Copy out and return the lines from the one holding "Родичі зустрічають кількох" to the end of the listing below, both included, omitting the pictures.
--
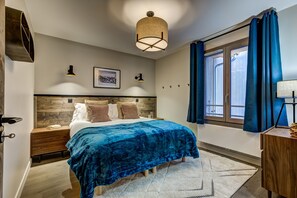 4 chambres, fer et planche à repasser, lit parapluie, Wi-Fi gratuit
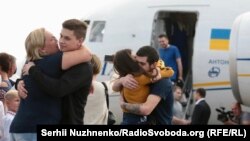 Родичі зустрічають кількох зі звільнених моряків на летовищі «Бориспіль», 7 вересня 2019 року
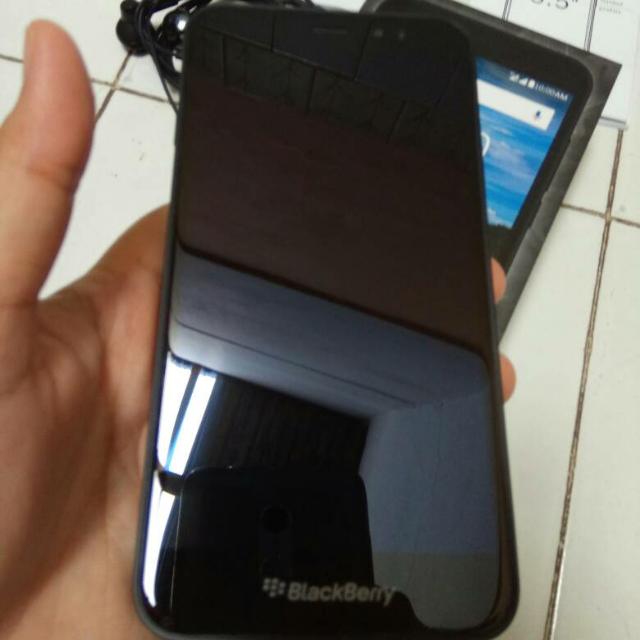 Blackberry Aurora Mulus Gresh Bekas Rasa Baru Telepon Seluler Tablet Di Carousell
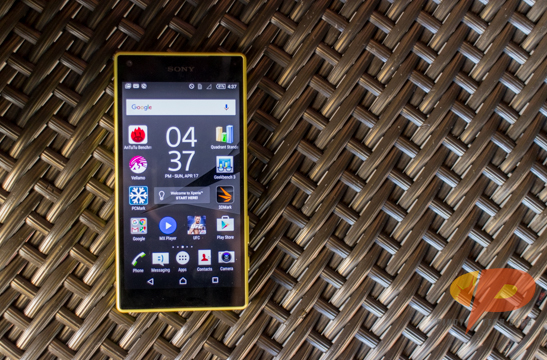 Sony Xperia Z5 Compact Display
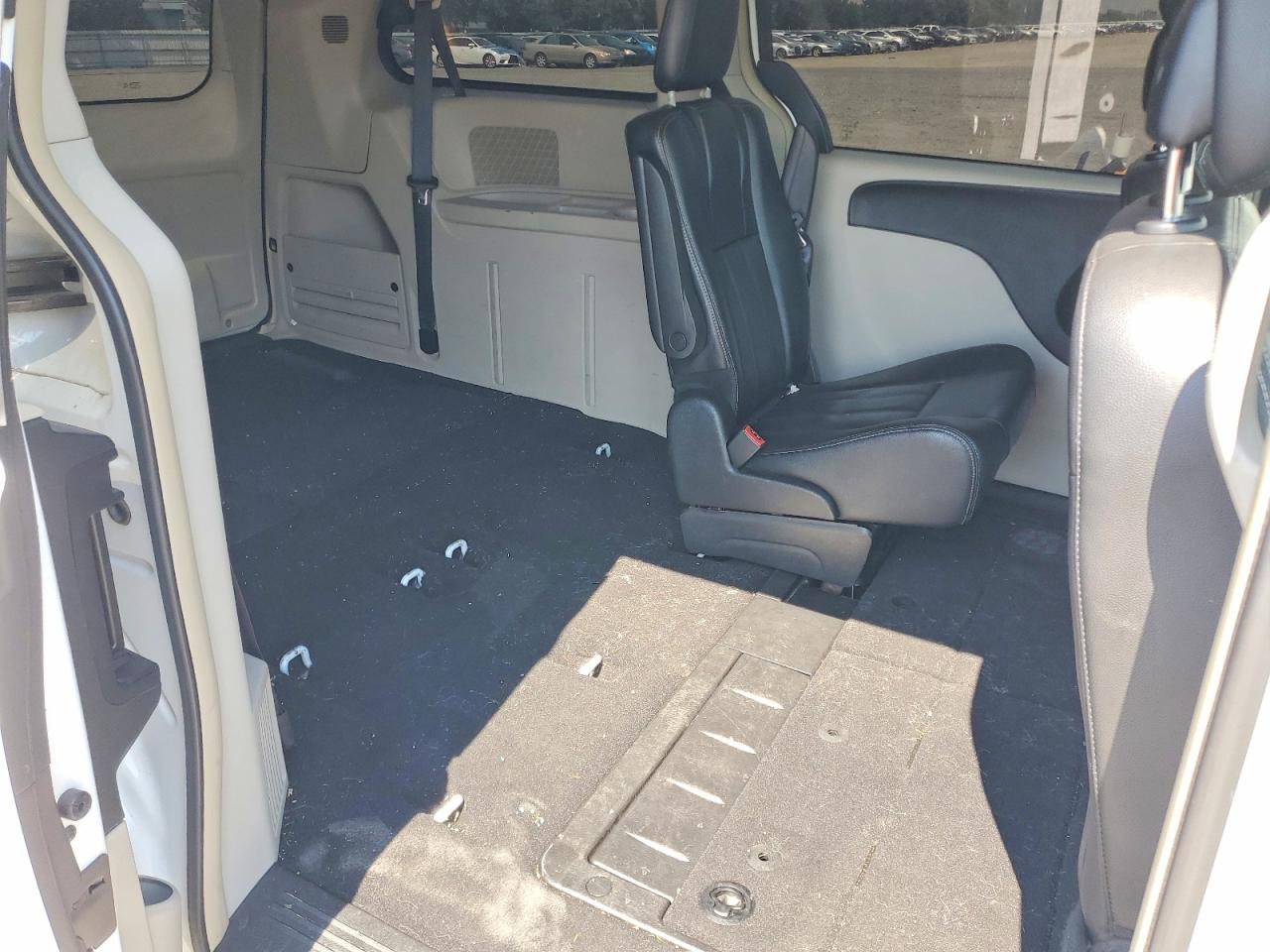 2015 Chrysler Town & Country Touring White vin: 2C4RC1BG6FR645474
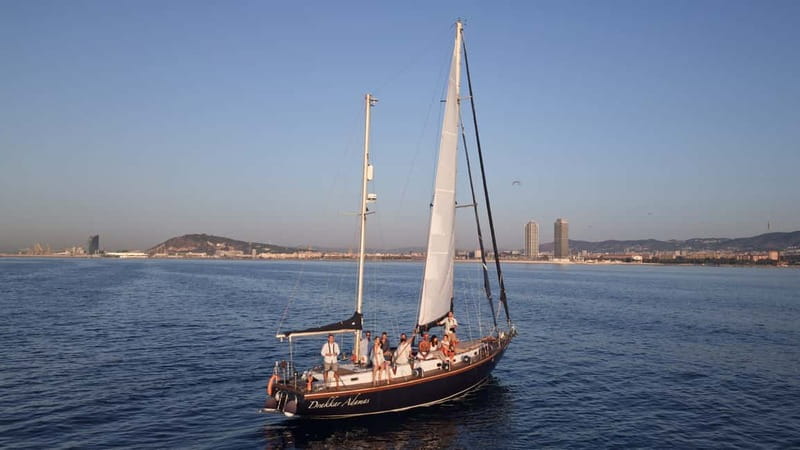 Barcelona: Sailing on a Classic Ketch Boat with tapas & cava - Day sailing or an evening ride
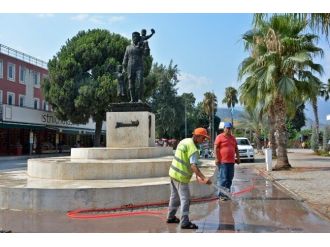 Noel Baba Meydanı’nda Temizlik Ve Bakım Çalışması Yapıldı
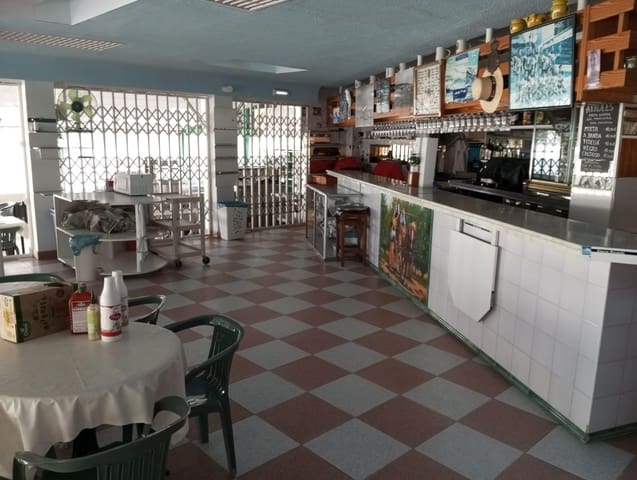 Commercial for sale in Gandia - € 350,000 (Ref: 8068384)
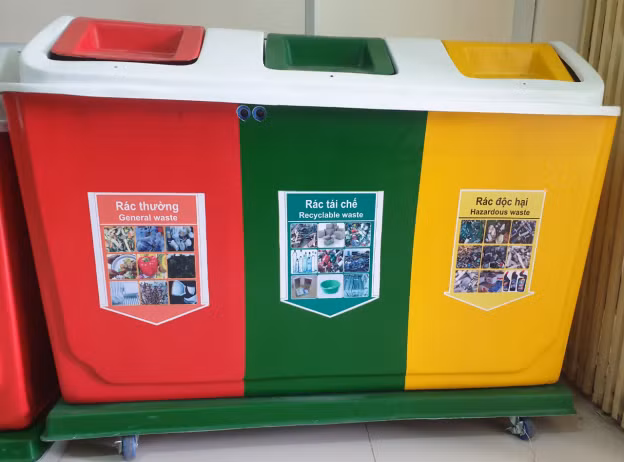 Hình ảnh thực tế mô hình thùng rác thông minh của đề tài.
--
ANSWER SPACE:
 Родичі зустрічають кількох зі звільнених моряків на летовищі «Бориспіль», 7 вересня 2019 року
 Blackberry Aurora Mulus Gresh Bekas Rasa Baru Telepon Seluler Tablet Di Carousell
 Sony Xperia Z5 Compact Display
 2015 Chrysler Town & Country Touring White vin: 2C4RC1BG6FR645474
 Barcelona: Sailing on a Classic Ketch Boat with tapas & cava - Day sailing or an evening ride
 Noel Baba Meydanı’nda Temizlik Ve Bakım Çalışması Yapıldı
 Commercial for sale in Gandia - € 350,000 (Ref: 8068384)
 Hình ảnh thực tế mô hình thùng rác thông minh của đề tài.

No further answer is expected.